§ **Excerpted records**
========

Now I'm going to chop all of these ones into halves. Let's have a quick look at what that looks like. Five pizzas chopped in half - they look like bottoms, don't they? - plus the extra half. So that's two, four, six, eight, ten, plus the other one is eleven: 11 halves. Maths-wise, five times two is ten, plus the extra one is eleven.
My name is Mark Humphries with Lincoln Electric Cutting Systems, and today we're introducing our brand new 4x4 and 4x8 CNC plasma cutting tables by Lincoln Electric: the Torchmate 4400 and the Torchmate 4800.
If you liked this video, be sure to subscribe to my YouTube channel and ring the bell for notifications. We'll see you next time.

========

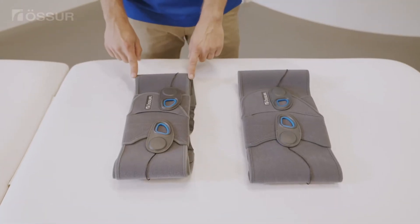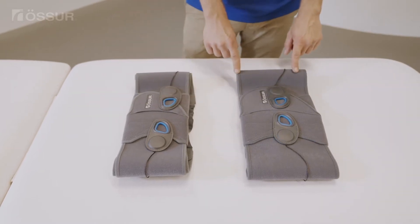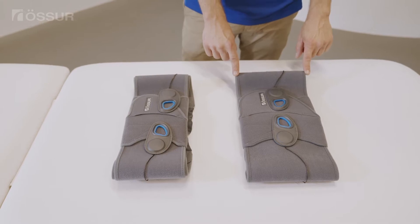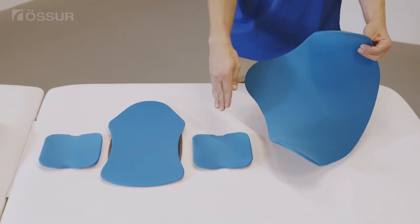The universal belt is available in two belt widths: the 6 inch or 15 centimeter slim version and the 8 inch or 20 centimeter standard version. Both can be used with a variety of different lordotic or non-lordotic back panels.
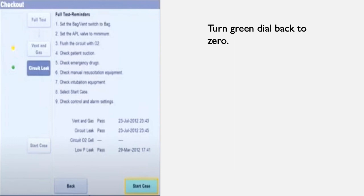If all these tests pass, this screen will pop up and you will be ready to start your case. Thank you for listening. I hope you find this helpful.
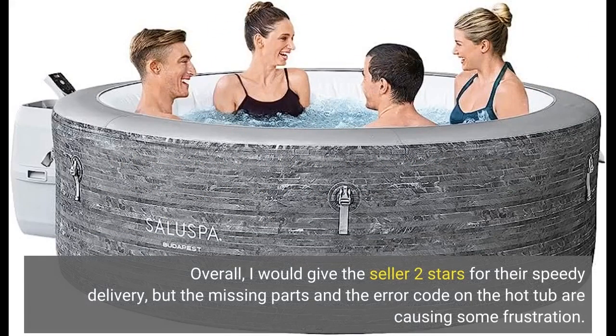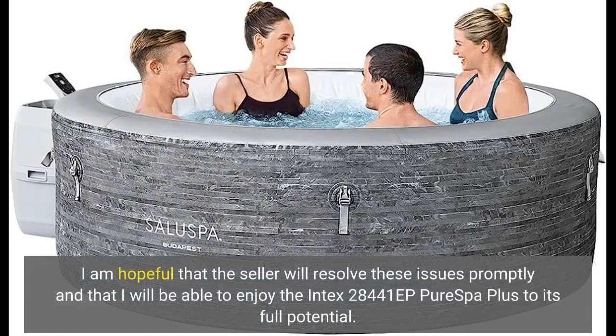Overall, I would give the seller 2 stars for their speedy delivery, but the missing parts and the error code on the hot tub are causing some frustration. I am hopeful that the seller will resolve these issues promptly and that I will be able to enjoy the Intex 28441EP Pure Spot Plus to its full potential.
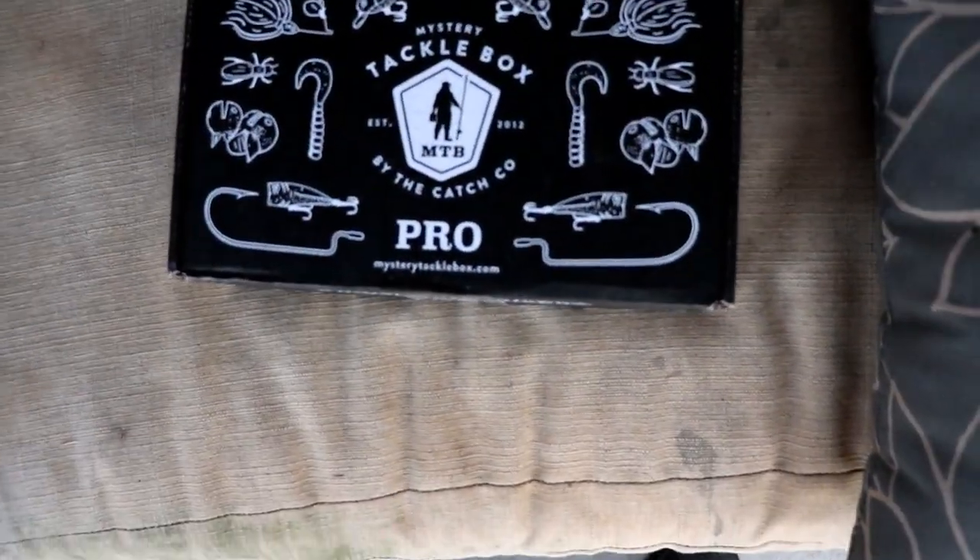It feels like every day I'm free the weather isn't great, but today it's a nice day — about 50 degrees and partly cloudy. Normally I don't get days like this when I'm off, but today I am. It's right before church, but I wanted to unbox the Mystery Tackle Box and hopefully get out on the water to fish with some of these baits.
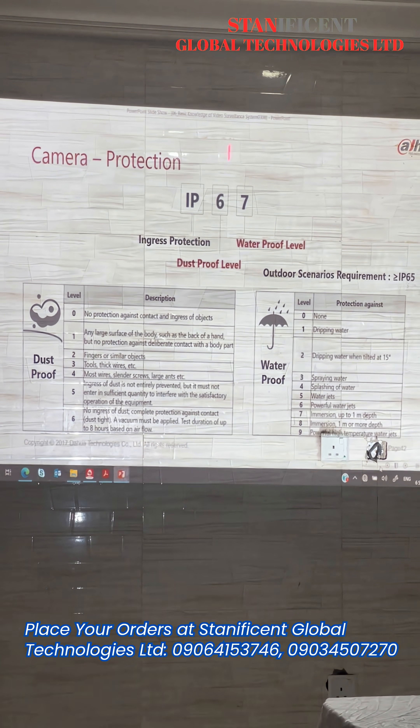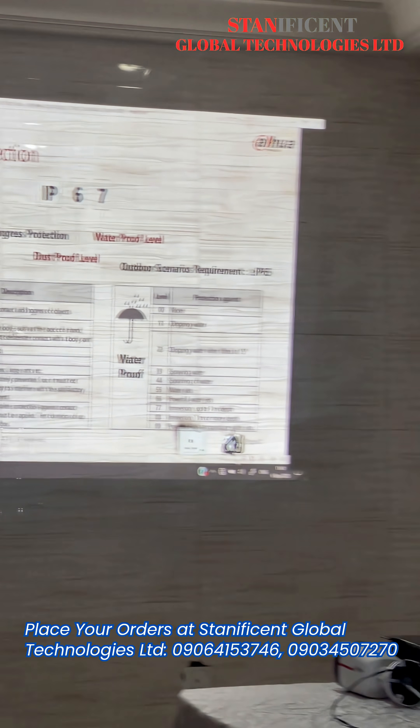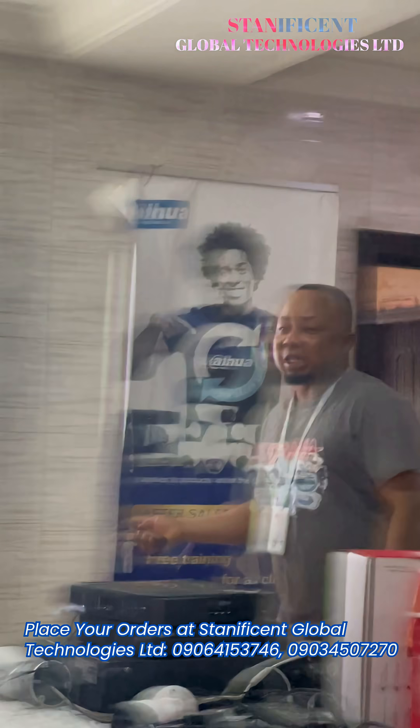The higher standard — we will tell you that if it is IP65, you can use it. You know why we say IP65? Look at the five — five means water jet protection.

========

§ **Exercise directions**
Set down word for word the lines above from the one with "It feels like" up to and including the one with "The higher standard". Omit every picture.

§ **Result for this task**
It feels like every day I'm free the weather isn't great, but today it's a nice day — about 50 degrees and partly cloudy. Normally I don't get days like this when I'm off, but today I am. It's right before church, but I wanted to unbox the Mystery Tackle Box and hopefully get out on the water to fish with some of these baits.
The higher standard — we will tell you that if it is IP65, you can use it. You know why we say IP65? Look at the five — five means water jet protection.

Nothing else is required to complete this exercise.